Au-délà des polémiques qui disent que le domestique britannique était seulement dans le groupe de chasse pour déranger et empêcher son organisation, je pense que les Brownlee auraient quand même gagné. Une seule personne à vélo sur un parcours à Rio ne peut pas créer ce type de dommage.

La différence se fait à la sortie de la T1. Entre Mario Mola et le dernier qui a fait le groupe de tête, il y avait 9 secondes d’écart.

Donc, s’il avait nagé 9 secondes plus vite, très probablement qu’aujourd’hui, les Espagnols auraient au moins une médaille olympique sur ces jeux, et personne ne soulèverait la question du domestique!
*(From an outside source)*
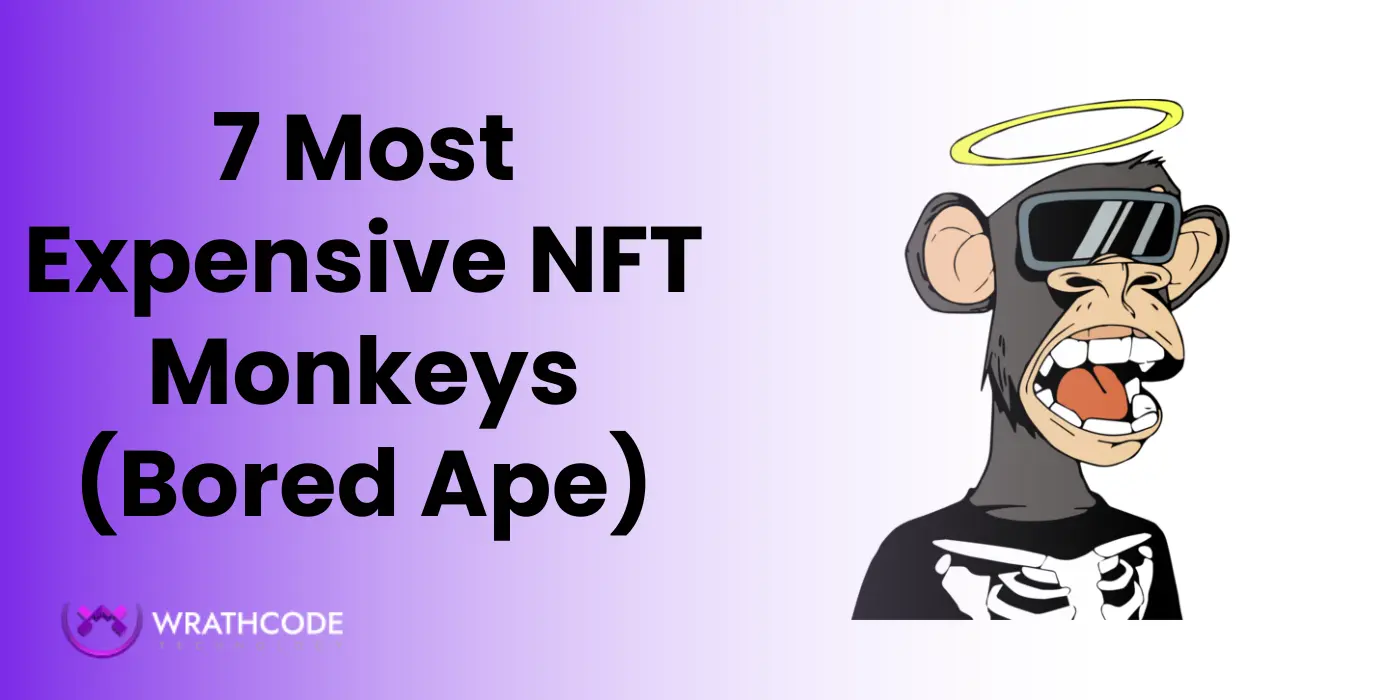 Top 7 Most Expensive NFT Monkeys (Bored Ape) –  Sold Ever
Dans la communauté internationale, on décrit fréquemment les Espagnols comme des athlètes faisant énormément de courses. Sachant que l’Espagne n’a pas gagné de médaille aux JO de Rio, est-ce que cet aspect a été soulevé en Espagne?

Je pense qu’on parle de deux choses différentes. Ils ont beaucoup couru l’année dernière, mais cela reste leur décision. Je pense que cela n’a rien à voir avec le résultat à Rio. Comme je te l’ai mentionné, dans le cas de Mario Mola, cela se joue finalement à quelques secondes en natation…

Mais comment expliques-tu ce succès généralisé des Espagnols en ITU?

Je pense que tout commence avec la folie de Iván Raña et de son entraîneur César Varela, le jour en 1995 qu’ils ont décidé que Iván allait devenir champion du monde.

Ils n’avaient pas de grands moyens, ni connaissances, mais ils y ont cru, et en seulement sept ans ils ont réussi cette tâche incroyable pour n’importe qui en Espagne à l’époque.

Comme j’ai dit tout à l’heure, Raña a su partager beaucoup à Gómez et puis les fédérations nationales et régionales ont aussi fait un bon travail avec des centres des formations et des programmes d’identification de talents.  Celui-ci qui a révélé la génération connue comme « niños de oro » (enfants d’or) dans laquelle on compte Alarza, Hernandez, Mola, Abuín…

Après… c’est aussi le talent des individus, tant les athlètes comme des entraîneurs, et son travail et dévouement personnel.

À quoi t’attends-tu pour la prochaine saison ITU? As-tu le sentiment que l’année sera très différente?

Je pense que Gómez va imposer sa régularité d’ici la fin de la saison, et que cela marquera probablement sa fin de sa carrière en ITU.

C’est ce que j’imagine après ses récentes déclarations, enfin je n’en suis pas totalement certain! Il affectionne tellement le corps à corps si particulier à l’ITU.

Je pense qu’Alistair Brownlee fera le spectacle chez lui à Leeds et dans la Grande Finale. Jonathan, s’il se récupère bientôt, je pense, qui pourrait aussi donner la bataille pour le titre. Mola et Murray seront sûrement aussi dans la lutte, mais à mon avis, en distance olympique ils sont un pas derrière Gómez et les Brownlee.

Chez les filles, je crois que si Flora Duffy est dans la même condition que l’année dernière, elle sera très difficile à battre… sauf si l’on retrouve à nouveau la grande Vanessa Fernandes. Puis on verra Stimpson, Hewitt, Zaferes… et peut-être l’évolution de Summer Cook. J’espère bien qu’on verra de nouvelles athlètes débarquer et briller rapidement sur le circuit.